Wiki page request - performance tips

mattgolsen's picture

Could someone start a wiki page about optimizing compositions for performance? With the advent of Performance Inspector, it's made me realize how little I know about optimizing my compositions. I know what is eating up most of the processor cycles, but I really don't have a good handle on fixing it.

Comment viewing options

Select your preferred way to display the comments and click "Save settings" to activate your changes.

dwskau's picture
GPU Usage

Does anyone know of any GPU monitoring utility that could show how full graphics memory is and what the load on the GPU is? This could help in optimizing composition performance.

cwright's picture
opengl profiler

There's an application called "OpenGL Profiler" which provides some info like this.

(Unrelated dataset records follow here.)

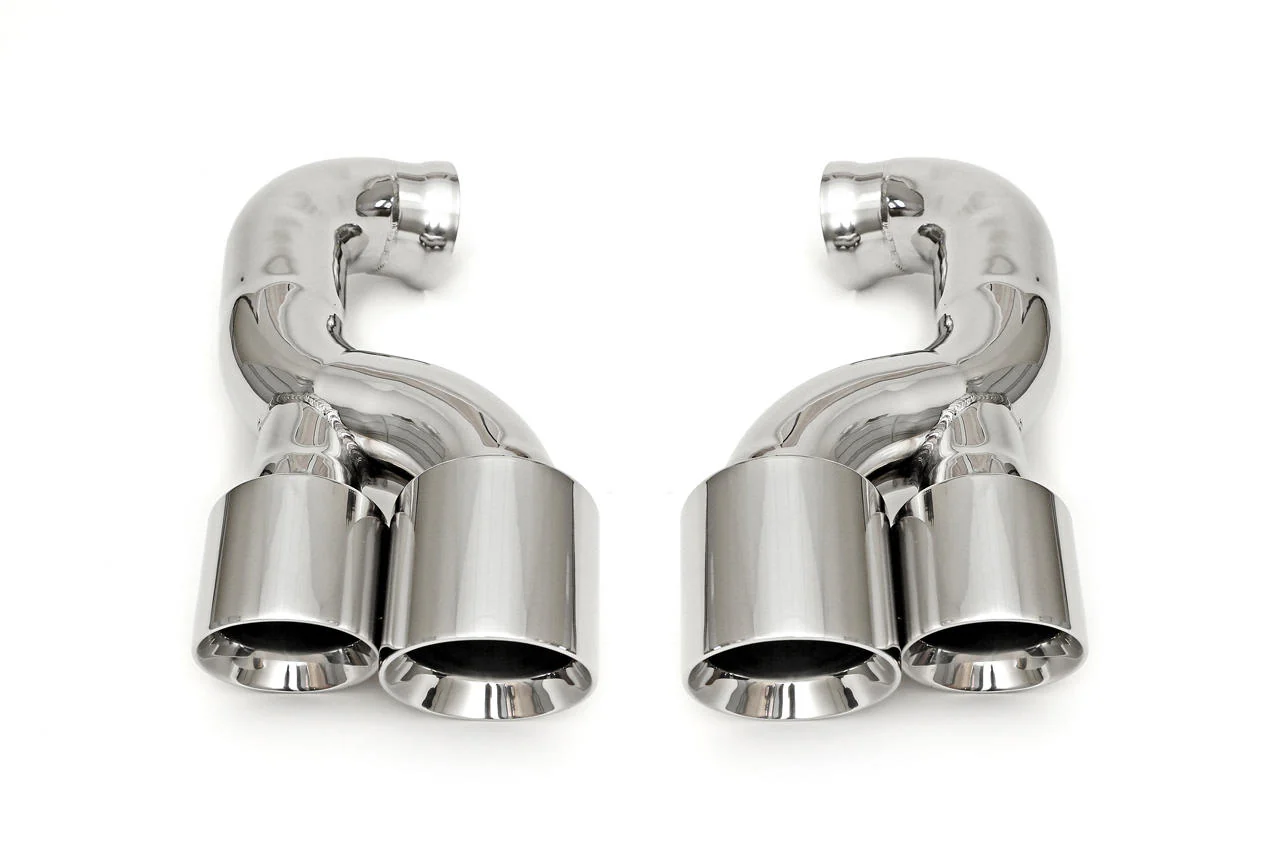 Fabspeed Porsche 957 Cayenne S Deluxe Quad Style Tips (2008-2010)
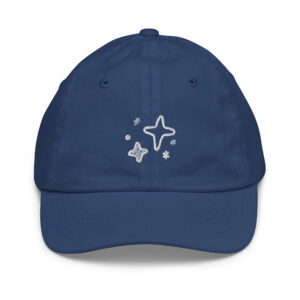 Youth baseball cap "Dream Sparkle"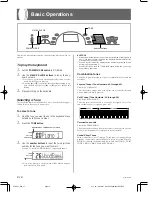 Preview for 18 page of Casio CTK-451 User Manual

It's not particularly well documented, but it provides a pretty good view of gl/gpu cost of an applications. Also check out OpenGL Driver Monitor.

(IMPORTANT NOTE: Having your VRAM usage at 90% isn't significantly worse* than 10% -- Having your vram usage at 101% is a catastrophy, since that's the point where it requires trans-bus accesses. I get way too many people wanting this information, thinking that having a bunch of spheres on screen is magically eating significant amounts of vram, and that the amount used is catastrophically destroying their framerates)

[a 24x36 stack sphere will have 864 faces, with 3 vertices each. Fully expanded (no vertex reuse) would yield 2592 vertices. Assuming 2 texture dimensions, 3 normal dimensions, and 4 spatial dimensions (x, y, z, w), that's 23328 floats. At 4 bytes each, that's less than 100k of vram for sphere vertex data (including normals and texture coordinates), and that's assuming no vertex reuse -- if they reuse them, it's around 32k per such sphere. A single 96x96 rgba texture will consume more vram than that.]

(*) there are gpu cache details that matter with usage, but overall you're not going to work at that level through QC, since there's so much abstraction.

cwright's picture
$10000.05

This is like the Tesla/engineer/whomever-the-presenter-likes story where a guy (Tesla, engineer, whomever...) is asked to fix someone's problem. The solution ends up requiring one screw. Later, the "someone" receives an invoice for $10000.05. When asking Tesla/engineer/whomever for an itemized breakdown, it reads something like this:

  • 1 screw: $0.05
  • knowing where to put it: $10000

Optimization (in Application, CoreImage, QC, GLSL, PHP, SQL, anywhere) is an extensive framework of knowledge that requires time to develop and hone. While there are basic axioms that help (Don't Have a Zillion Iterators, or a Zillion Core Image Filters on dynamic images), generalizations in optimization lead to "People Talking Before The Know What They're Talking About Or Making Any Attempt At All To Test What They're Saying" (tm).

There are at least 3 skills you'll need to develope to optimize effectively, and they can't really be Automated:

  • Knowing how to interpret measured results (PerformanceInspector helps make the measurements, but doesn't attempt to interpret them except for being able to sort what it collects to group stuff)
  • Knowing how to test around bottlenecks. Simply finding a slow patch is just a tiny portion of the battle. You then need to figure out why it's slow. Is it because the patch sucks? Is it because you're doing more work than you really need to? Is is because you're doing synchronous operations over a slow medium? Is it because you're saturating some crucial system resource (cpu power, bus transfers, vram, sys ram, polygon fill rate, etc)? This can't be automated, because each situation is unique.
  • Knowing how to solve the problem. Finding alternatives, work-alikes, look-alikes, refactoring stuff, caching results, etc. There are a shocking number of optimization tricks out there that people have been honing since the 60's (back when individual bytes were precious storage vessels). While some techniques have become less useful than when they were new (look-up-tables after the advent of clock multipliers & async cpu/bus speeds), but there are still times where each trick can be employed to certain problems to yield a benefit. This is very very application specific, and also can't be automated.

So while the general idea that you want is a noble one, it's not really possible to address. We just start the journey (by making PT), and can lend a hand where possible.